[Collected data]
■ ■ ■
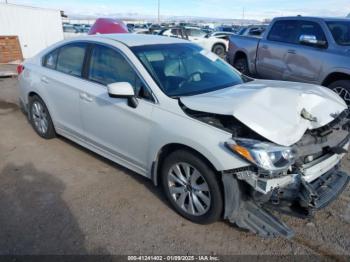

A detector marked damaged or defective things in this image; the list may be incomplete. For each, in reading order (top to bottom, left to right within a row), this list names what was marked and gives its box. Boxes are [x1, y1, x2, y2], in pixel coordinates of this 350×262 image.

crumpled hood [182, 80, 346, 146]
broken headlight [227, 138, 296, 173]
severe front-end damage [180, 81, 350, 238]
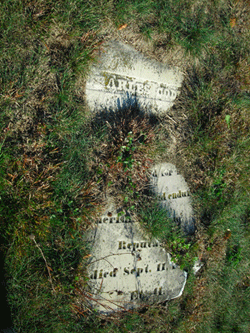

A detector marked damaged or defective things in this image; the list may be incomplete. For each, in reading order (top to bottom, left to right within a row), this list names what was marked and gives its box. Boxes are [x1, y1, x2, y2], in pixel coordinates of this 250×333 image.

broken gravestone fragment [86, 39, 184, 113]
broken gravestone fragment [150, 163, 195, 235]
broken gravestone fragment [87, 206, 187, 312]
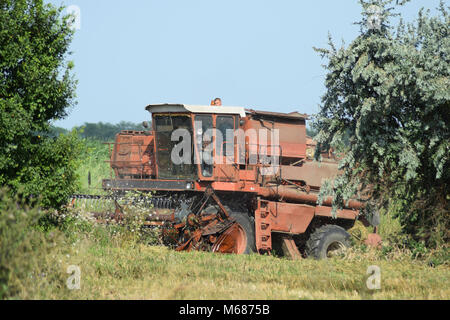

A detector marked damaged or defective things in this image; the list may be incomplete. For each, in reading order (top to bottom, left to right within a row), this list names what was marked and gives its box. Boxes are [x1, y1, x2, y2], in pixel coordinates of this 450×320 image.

rusty metal body [101, 104, 366, 256]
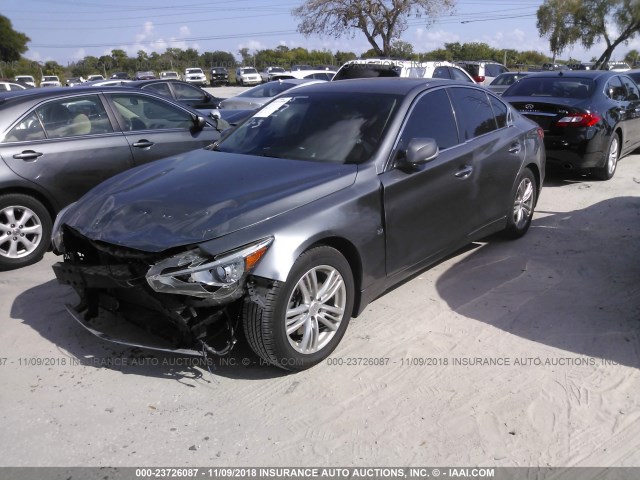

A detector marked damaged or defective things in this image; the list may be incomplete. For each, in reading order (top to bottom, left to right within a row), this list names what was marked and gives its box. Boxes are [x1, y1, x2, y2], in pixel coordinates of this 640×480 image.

broken headlight [145, 235, 272, 296]
damaged hood [62, 151, 358, 251]
gray damaged sedan [52, 79, 548, 372]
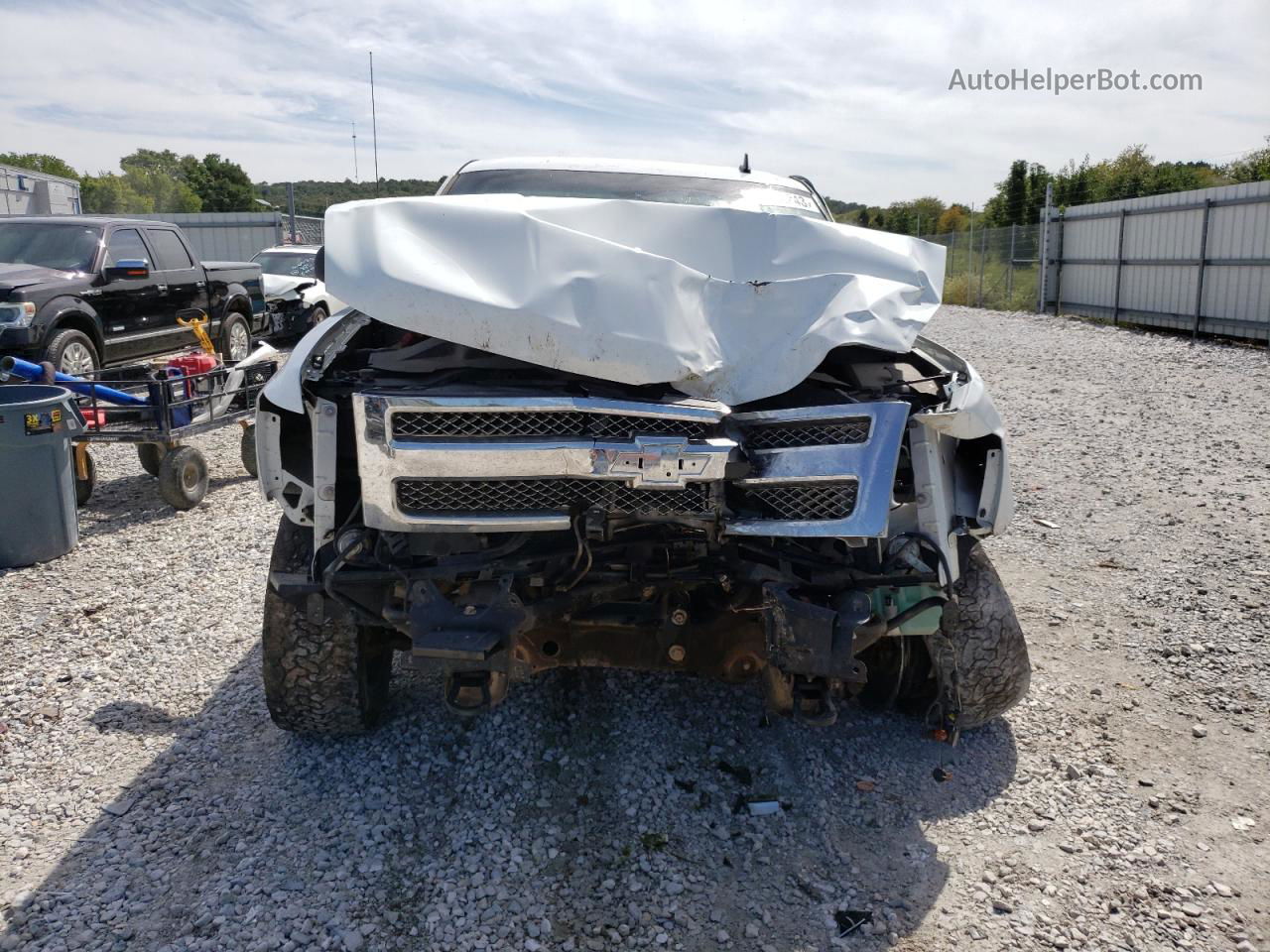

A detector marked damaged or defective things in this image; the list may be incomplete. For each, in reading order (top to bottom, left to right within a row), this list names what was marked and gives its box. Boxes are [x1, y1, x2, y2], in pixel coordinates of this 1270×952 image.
■ ■ ■
* [Aim of the exercise]: The answer is the entries above, given again exactly, with no pictures among them.

* [Output of the exercise]:
A detector marked damaged or defective things in this image; the list may be incomplete. For each, in reading order (top to bottom, left to right within a row), this list names what was marked and gives its box. Boxes are [x1, y1, x2, y2], in pixel coordinates of this 350×262 image.

crumpled hood [182, 80, 346, 146]
broken headlight [227, 138, 296, 173]
severe front-end damage [180, 81, 350, 238]

A detector marked damaged or defective things in this image; the list may be incomplete. For each, in reading order (top to bottom, left to right within a row), this list names what was marked and gives its box. Boxes are [x1, y1, x2, y2], in pixel coordinates of this 250×333 image.

broken gravestone fragment [86, 39, 184, 113]
broken gravestone fragment [150, 163, 195, 235]
broken gravestone fragment [87, 206, 187, 312]

A detector marked damaged or defective things in this image; the list may be incomplete. For each, in reading order (top to bottom, left to right within a row), this list names what was marked and gives its box. Boxes are [x1, y1, x2, y2], in pixel coordinates of this 450×320 image.

rusty metal body [101, 104, 366, 256]

A detector marked damaged or defective things in this image; the list may be incomplete. For each, in reading order (top to bottom, left to right within a row), this list names what was marked and gives its box. Boxes are [x1, y1, x2, y2], in pixel coordinates of this 640×480 image.

broken headlight [145, 235, 272, 296]
damaged hood [62, 151, 358, 251]
gray damaged sedan [52, 79, 548, 372]

A detector marked damaged or defective things in this image; the list may be incomplete. For each, in reading order (top to bottom, left to right within a row), this list names what was marked and gives its box. Boxes are [x1, y1, x2, y2], in pixel coordinates of this 1270×952 image.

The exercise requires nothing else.